3rd century fragment of John’s gospel offered on eBay

3rd century fragment of John’s gospel offered on eBay December 14, 2015

A priceless fragment of the Greek New Testament, a text from St. John’s gospel, was discovered on eBay, with an opening bid of $99.  (Similar texts have sold for $500,000.)  A relative of a deceased Bible scholar and collector came into possession of the document, not really knowing what he had.  Another scholar saw the eBay offering, contacted the seller, and persuaded him to pull the auction and make it available for study.  It turns out that the fragment is especially significant because it appears to come from a scroll, whereas all other ancient New Testament texts are from the book-like pages of a codex.
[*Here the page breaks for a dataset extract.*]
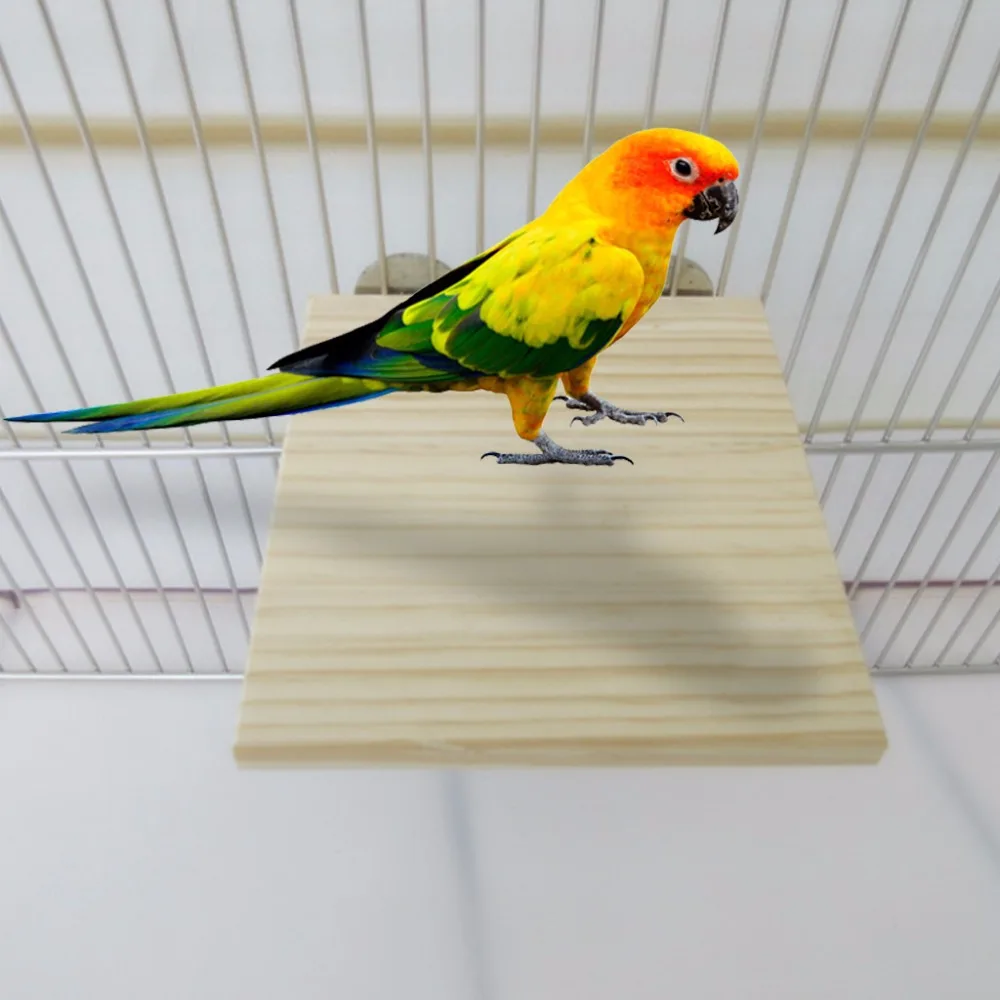 1pc Pet Birds Small Animals Springboard Toys Anti Bite ...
From Jennifer Schuessler Greek New Testament Papyrus Is Discovered on eBay – The New York Times:

Last January, Geoffrey Smith, a scholar of early Christianity at the University of Texas, noticed something startling: an eBay listing for an ancient Greek papyrus fragment of the Gospel of John — with an opening bid of only $99.

“I thought, This can’t be allowed to sell on eBay,” Dr. Smith said. “It will just disappear into a private collection.”

Dr. Smith contacted the seller and urged him to halt the online auction — apparently the first on eBay for a Greek New Testament papyrus, he and other scholars said — and let him study the fragment. The seller agreed, and now, on Saturday, Mr. Smith will present his research at the annual conference of the Society of Biblical Literature in Atlanta.

The credit-card-size papyrus, which Dr. Smith dates from around A.D. 250 to A.D. 350, contains about six lines of the Gospel of John on one side and an unidentified Christian text on the other. If Dr. Smith’s analysis is correct, it is the only known Greek New Testament papyrus from an unused scroll rather than a codex, the emerging book technology that early Christians, in sharp contrast to their Jewish and pagan contemporaries, preferred for their texts.

That adds an interesting wrinkle, scholars say, to the story of the rise of the codex, the book as we know it today. But the dramatic story of the papyrus’s emergence also speaks to a distinctly 21st-century technological anxiety.